_WHAT IS EXPECTED_. The lines to return run from the one containing "Garten mit Gartenmöbeln, Holzzaun" through the end of the material; give them exactly and leave out the pictures.

_SUPPLIED MATERIAL_.
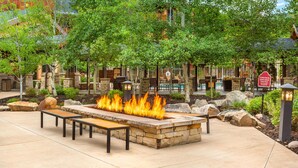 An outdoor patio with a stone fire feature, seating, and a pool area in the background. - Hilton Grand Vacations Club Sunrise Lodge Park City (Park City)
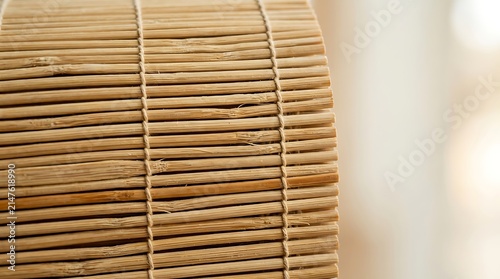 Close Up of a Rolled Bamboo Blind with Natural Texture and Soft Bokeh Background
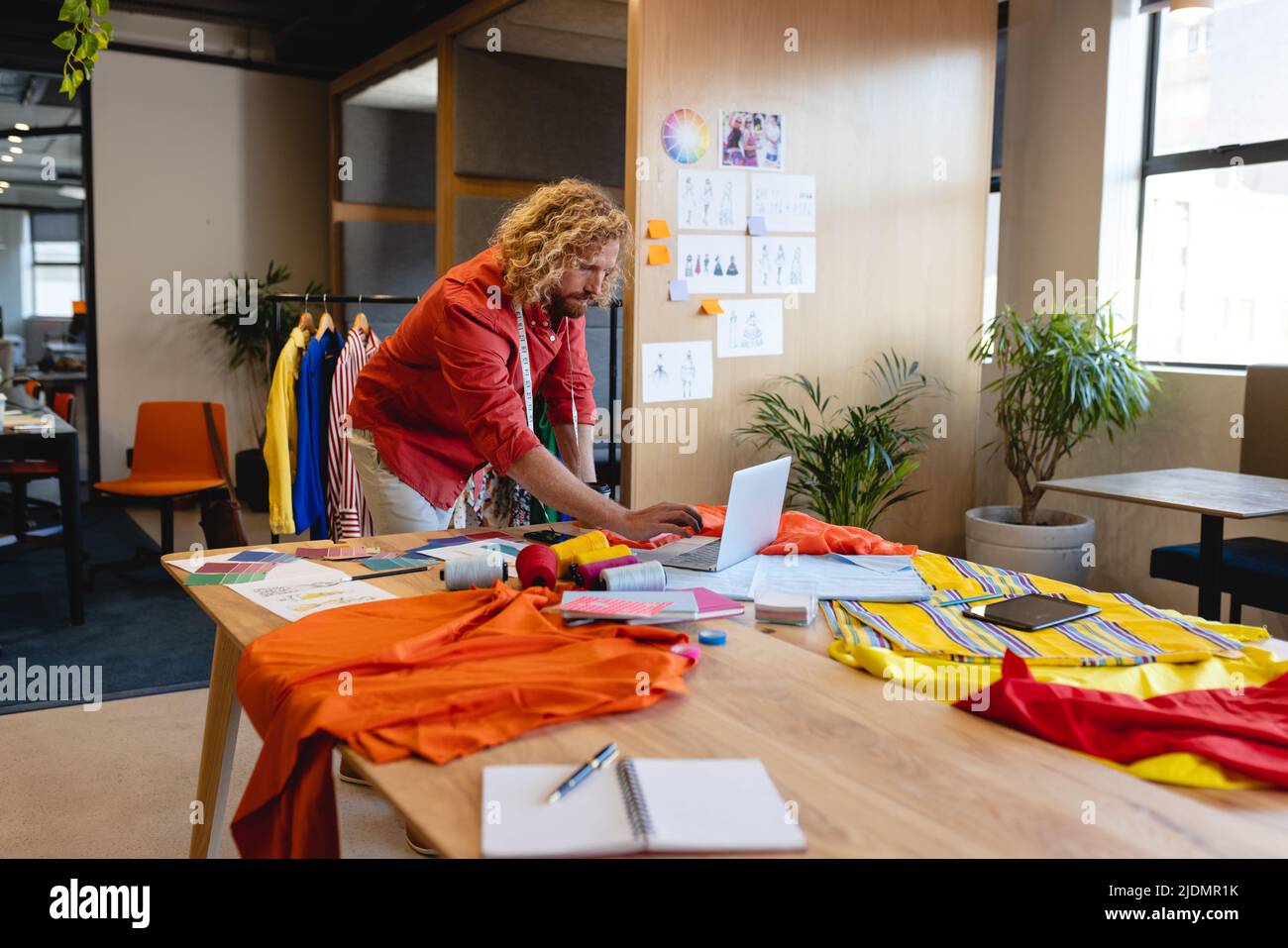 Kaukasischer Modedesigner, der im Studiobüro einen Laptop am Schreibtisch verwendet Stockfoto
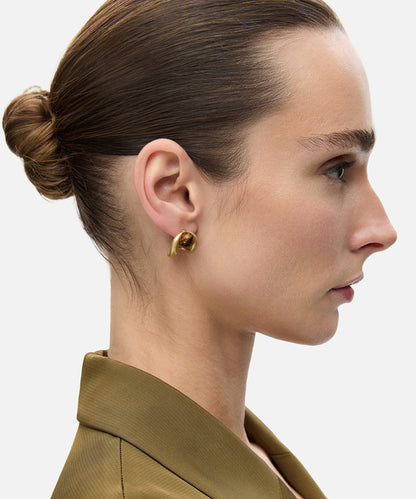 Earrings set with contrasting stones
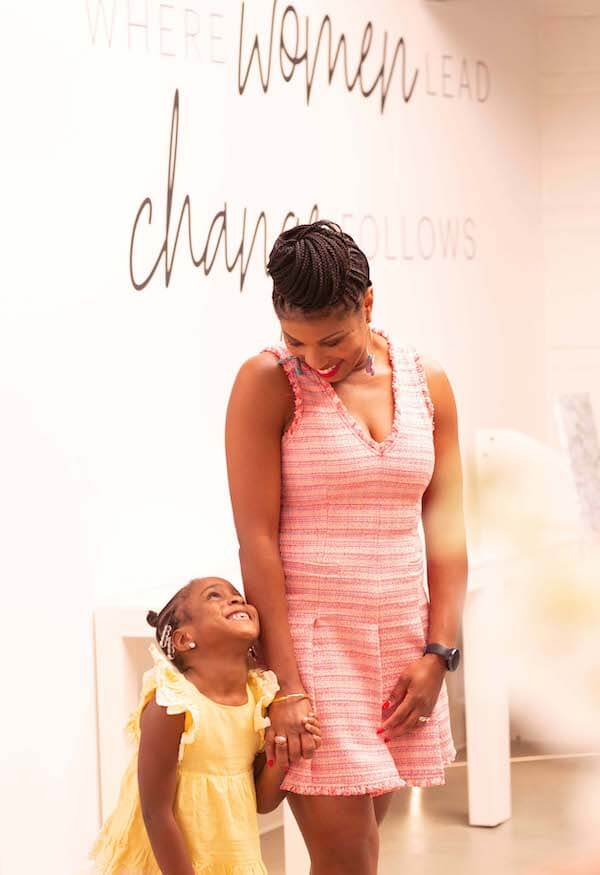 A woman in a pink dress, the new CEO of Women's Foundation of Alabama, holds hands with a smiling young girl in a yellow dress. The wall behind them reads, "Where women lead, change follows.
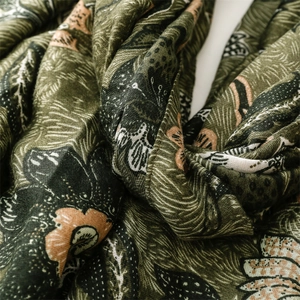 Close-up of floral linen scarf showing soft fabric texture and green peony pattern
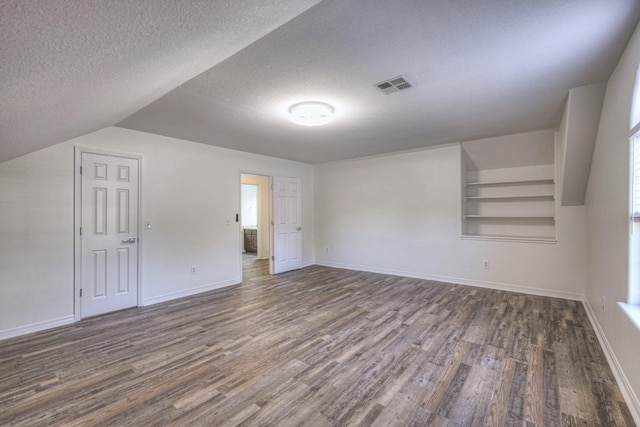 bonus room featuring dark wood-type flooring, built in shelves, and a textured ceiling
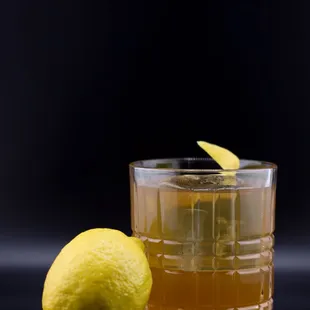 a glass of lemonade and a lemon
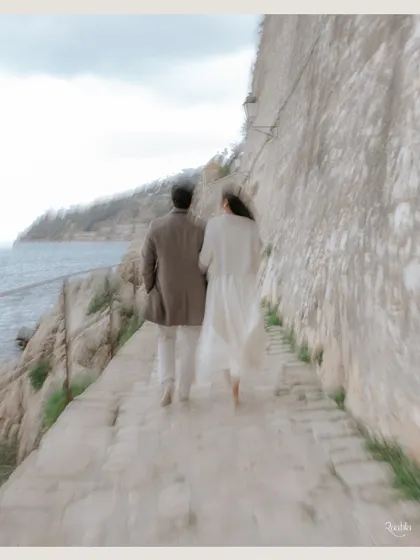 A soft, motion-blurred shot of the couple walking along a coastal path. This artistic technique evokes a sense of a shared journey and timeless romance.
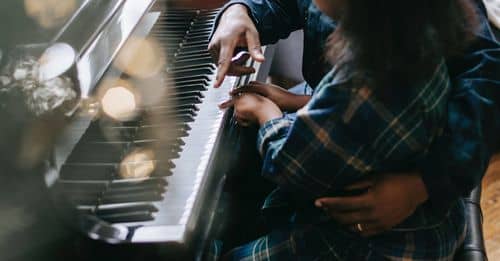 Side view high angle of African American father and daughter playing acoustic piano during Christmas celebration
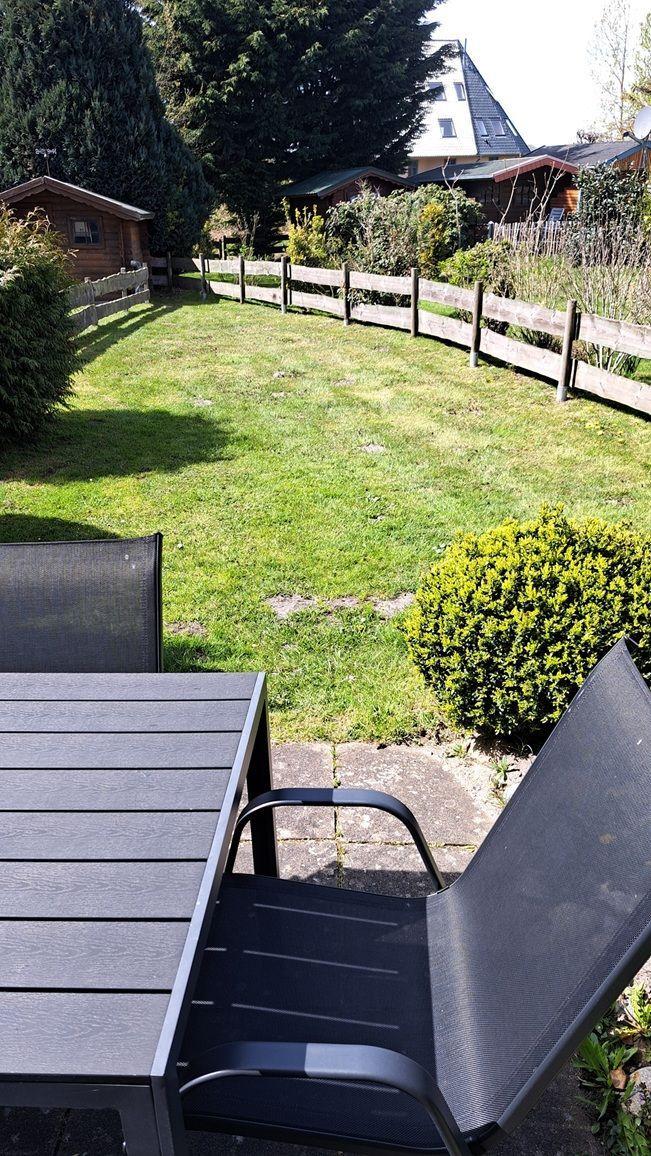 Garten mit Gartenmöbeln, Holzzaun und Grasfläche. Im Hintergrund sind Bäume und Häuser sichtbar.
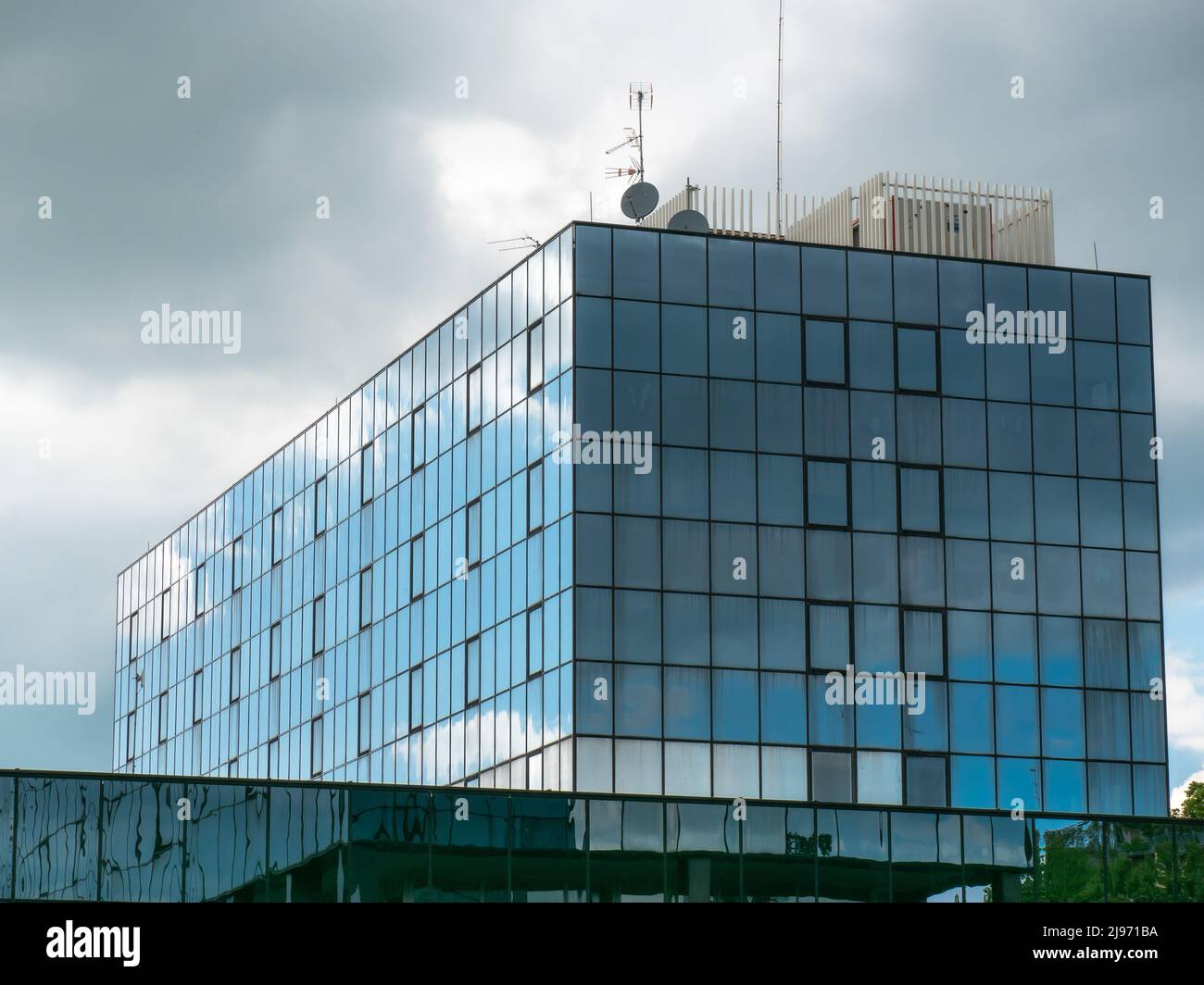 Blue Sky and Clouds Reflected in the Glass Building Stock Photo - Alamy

_RESULT OF THIS TASK_.
 Garten mit Gartenmöbeln, Holzzaun und Grasfläche. Im Hintergrund sind Bäume und Häuser sichtbar.
 Blue Sky and Clouds Reflected in the Glass Building Stock Photo - Alamy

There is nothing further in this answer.